:: Task item ::
Write out again only the lines between the one with "Raytheon 5702 Vacuum Tube Valve NOS?" and the end of the records below, both ends counted, and don't include the pictures.

:: Data to use ::

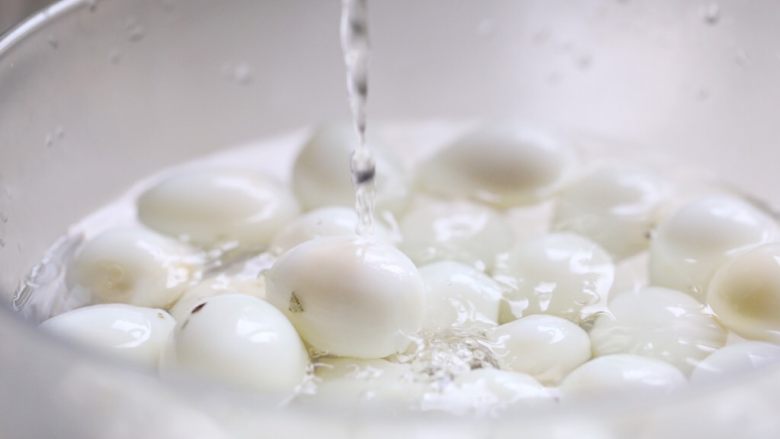 糟卤鹌鹑蛋,鹌鹑蛋用流动的清水冲去表面的细壳，沥水。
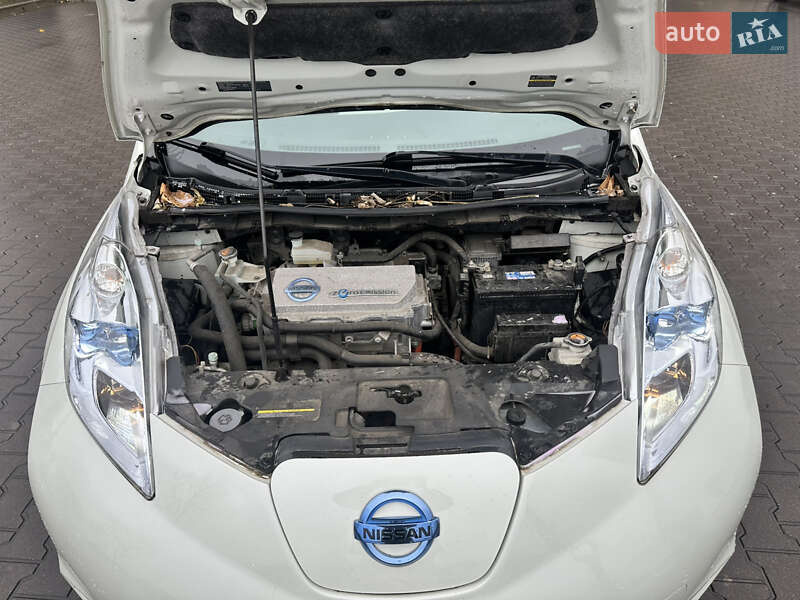 Хэтчбек Nissan Leaf 2012 в Капитановке
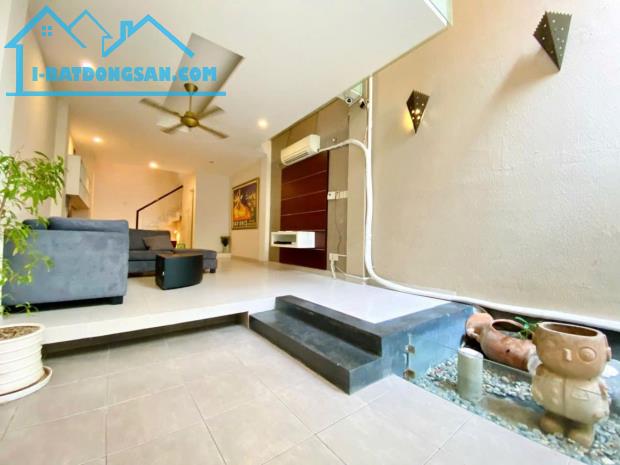 Bán nhà Lê Lai-ngay cv 23/9+Metro-ngang 4.2m-5PN-giá tốt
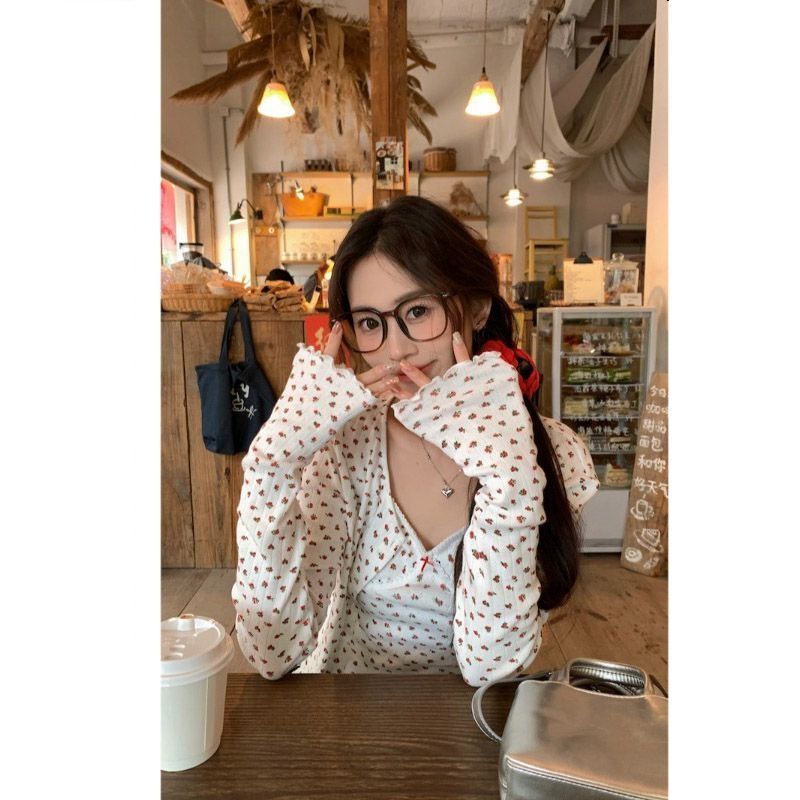 [CHIC HOUR]Set dua potong Korea: cardigan bunga dan tank top, bergaya pure desire dan awet muda.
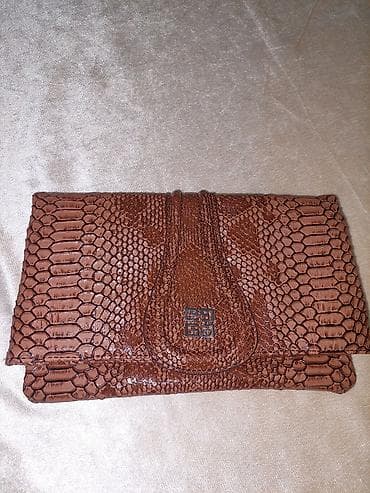 Klatç, Givenchy, İşlənmiş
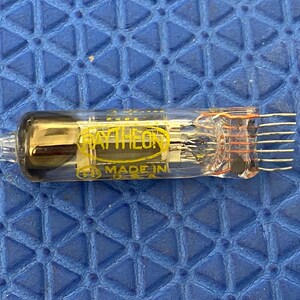 Raytheon 5702 Vacuum Tube Valve NOS?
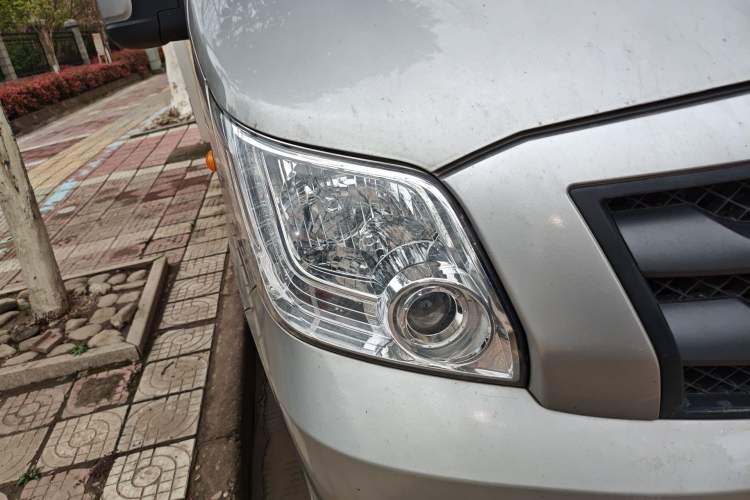 Used Foton Toano 2024 Joyear Multi-Function 2.0T Manual Long-Wheelbase Mid-Roof Model with Single Rear Tire Available in 5/6/7/9-Seater Configurations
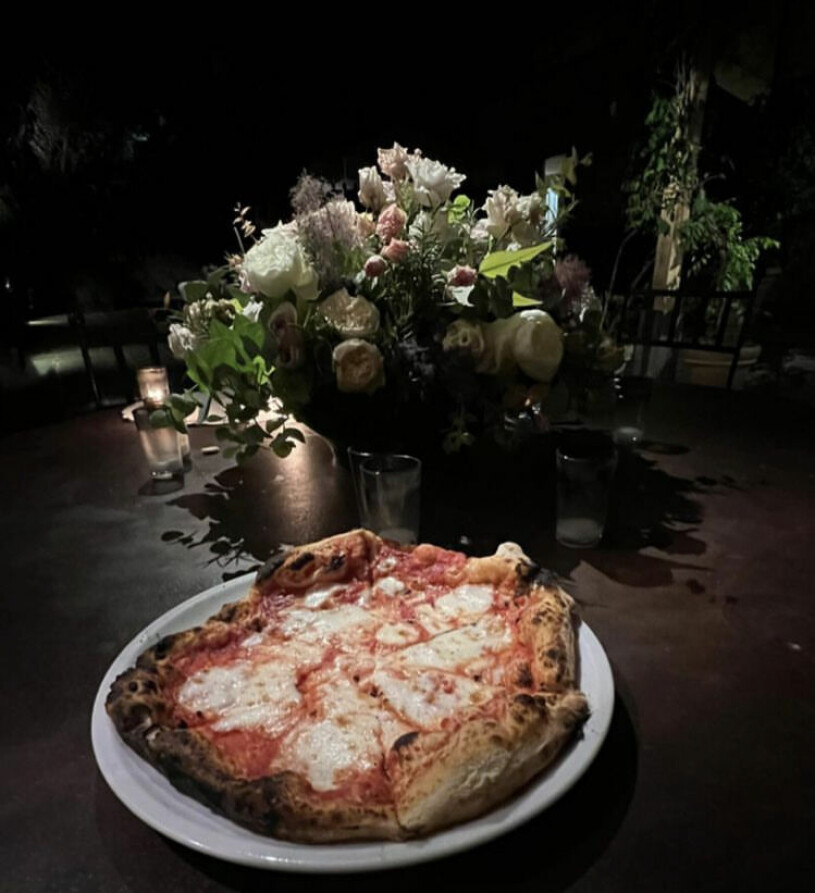 Pizza 03.30 efter fredagens festligheter. Skärmdump: Instagram / happyjankell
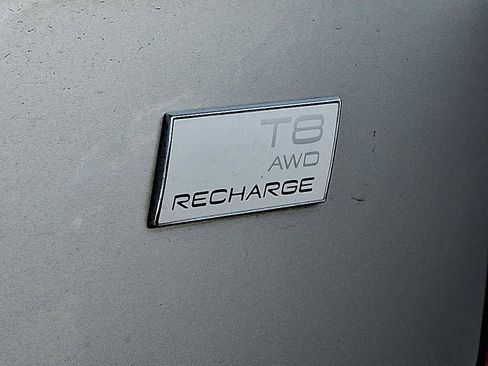 Used 2021 Volvo XC90 T8 Inscription Expression w/ Climate Package image 36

:: Solution to the exercise ::
 Raytheon 5702 Vacuum Tube Valve NOS?
 Used Foton Toano 2024 Joyear Multi-Function 2.0T Manual Long-Wheelbase Mid-Roof Model with Single Rear Tire Available in 5/6/7/9-Seater Configurations
 Pizza 03.30 efter fredagens festligheter. Skärmdump: Instagram / happyjankell
 Used 2021 Volvo XC90 T8 Inscription Expression w/ Climate Package image 36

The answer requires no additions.